# Repository Commit Ranking

> Lines added tell the story of a repo's ambition.

Canonical URL: <https://datadriven.io/problems/repository_commit_ranking>

Domain: SQL · Difficulty: medium · Seniority: L4

## Problem

Sum the lines added per repository across all commits, then rank them with no gaps in ranking. Show repo name, total lines added, and rank from highest to lowest.
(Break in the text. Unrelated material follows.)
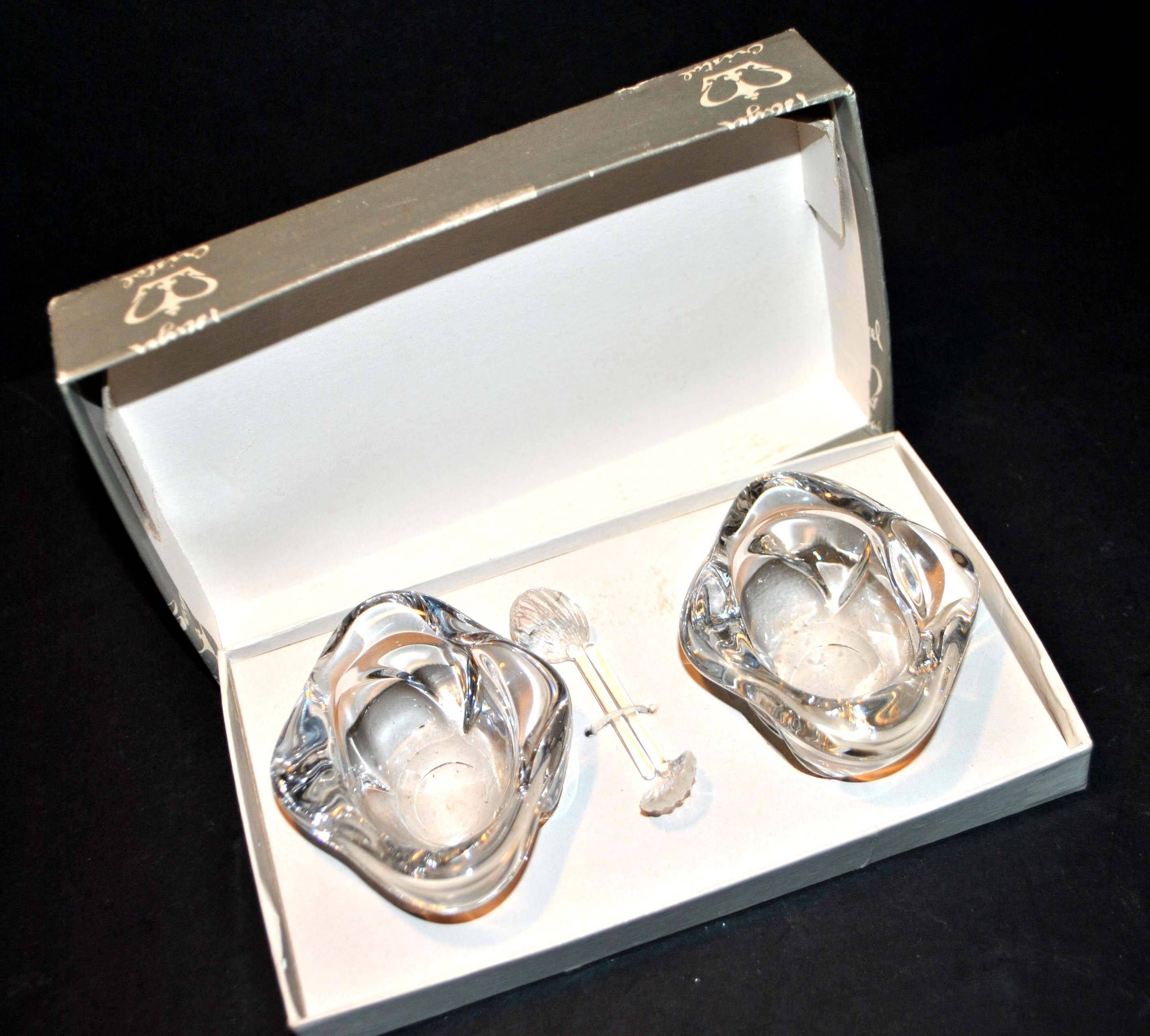 Vintage BAYEL crystal salt shakers - Salerons Modernist Design free form 1960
## Worked solution and explanation

### Why this problem exists in real interviews

This challenge asks you to apply DENSE_RANK for gapless ranking to the `repo_commits` table, simulating a real analytics workflow. Pay attention to the `repo_name` column as they drive the aggregation and output.

> **Trick to Solving**
>
> When the prompt mentions 'top N' or 'rank', check whether ties should be included. If yes, use `DENSE_RANK()` instead of `ROW_NUMBER()` or `LIMIT`.
> 
> 1. Spot tie-inclusion language in the prompt
> 2. Aggregate to the correct grain first
> 3. Apply `DENSE_RANK()` over the aggregated result

---

### Break down the requirements

#### Step 1: Aggregate by `repo_name`

`GROUP BY repo_name` collapses rows to one per group. The aggregate functions (`SUM`, `COUNT`, `AVG`, etc.) compute the metric for each group.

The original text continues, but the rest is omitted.